### [EXERCISE DESCRIPTION]
Copy, word for word, the lines below from the one containing "img_20211015_125036.jpeg img_20211015_125036.jpeg" up to and including the one containing "Blackbird Clipart Watercolor Bird Bundle", with pictures left out.

### [DATA SHOWN]
******
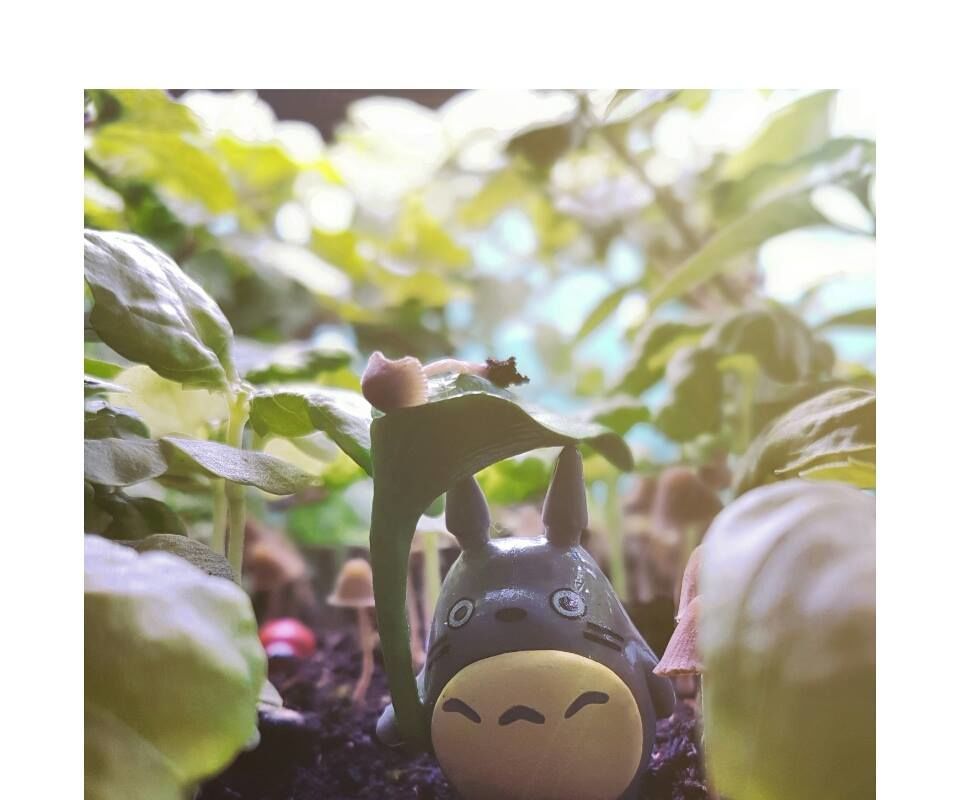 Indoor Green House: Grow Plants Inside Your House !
******
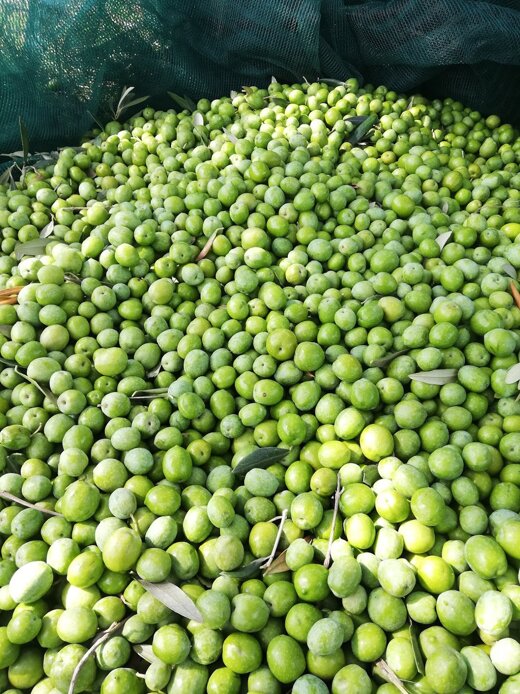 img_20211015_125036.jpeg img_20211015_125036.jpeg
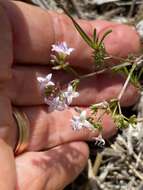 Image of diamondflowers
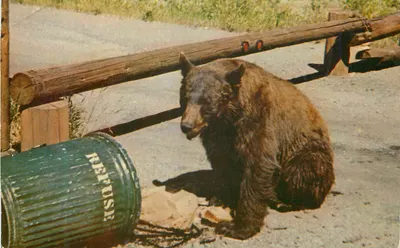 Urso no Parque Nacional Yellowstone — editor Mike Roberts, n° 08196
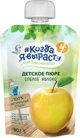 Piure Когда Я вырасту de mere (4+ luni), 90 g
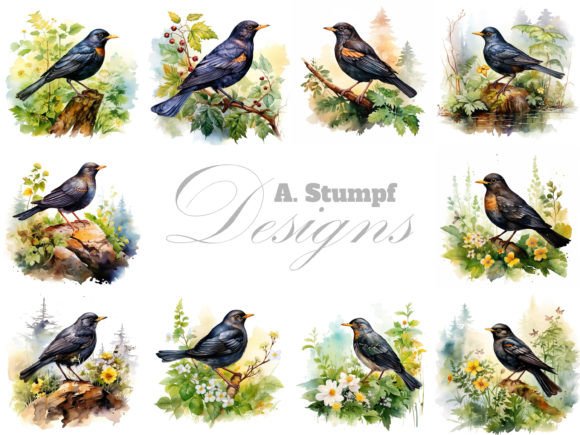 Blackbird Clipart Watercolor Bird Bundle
******
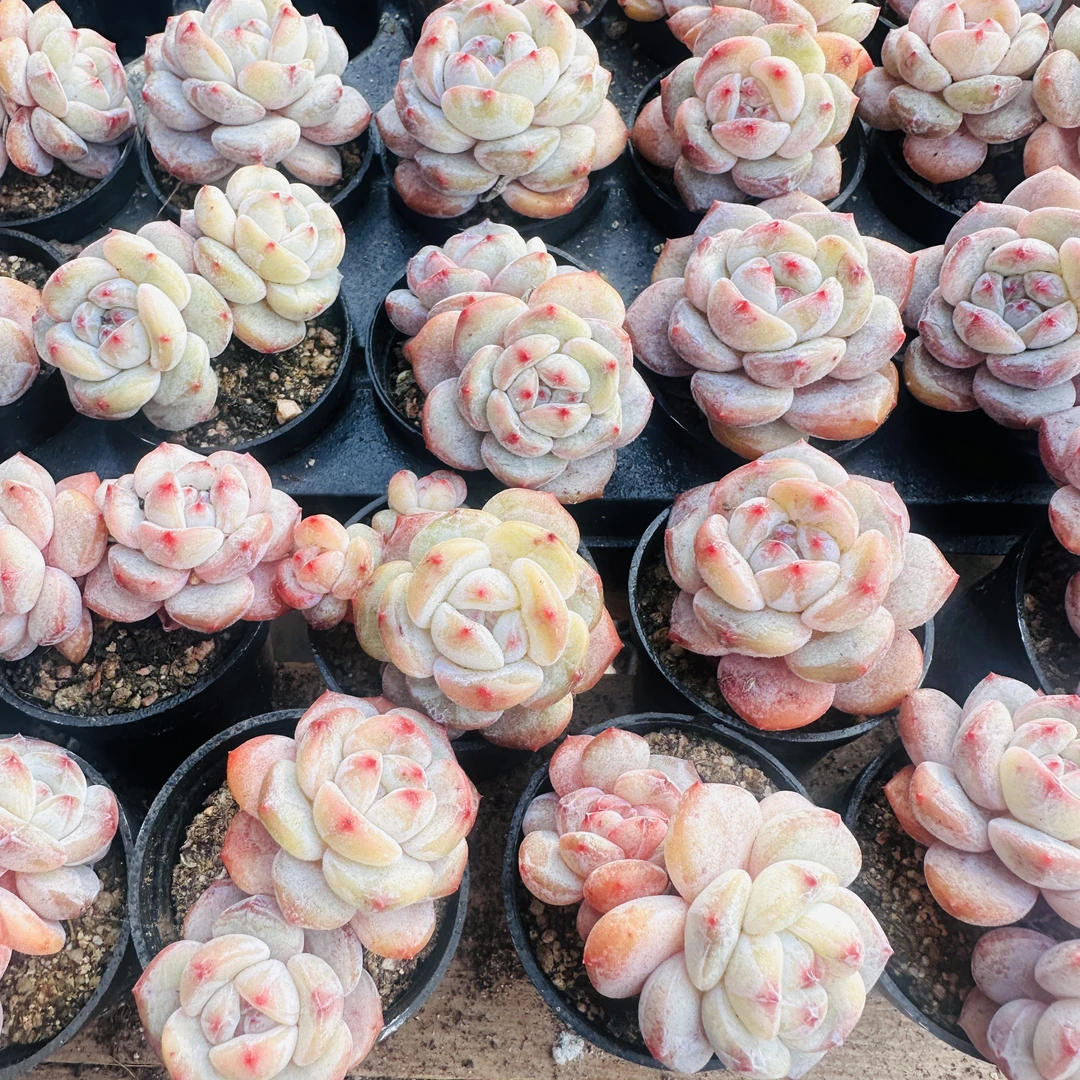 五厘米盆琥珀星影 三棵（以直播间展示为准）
******
### [SOLUTION TO THIS TASK]
 img_20211015_125036.jpeg img_20211015_125036.jpeg
 Image of diamondflowers
 Urso no Parque Nacional Yellowstone — editor Mike Roberts, n° 08196
 Piure Когда Я вырасту de mere (4+ luni), 90 g
 Blackbird Clipart Watercolor Bird Bundle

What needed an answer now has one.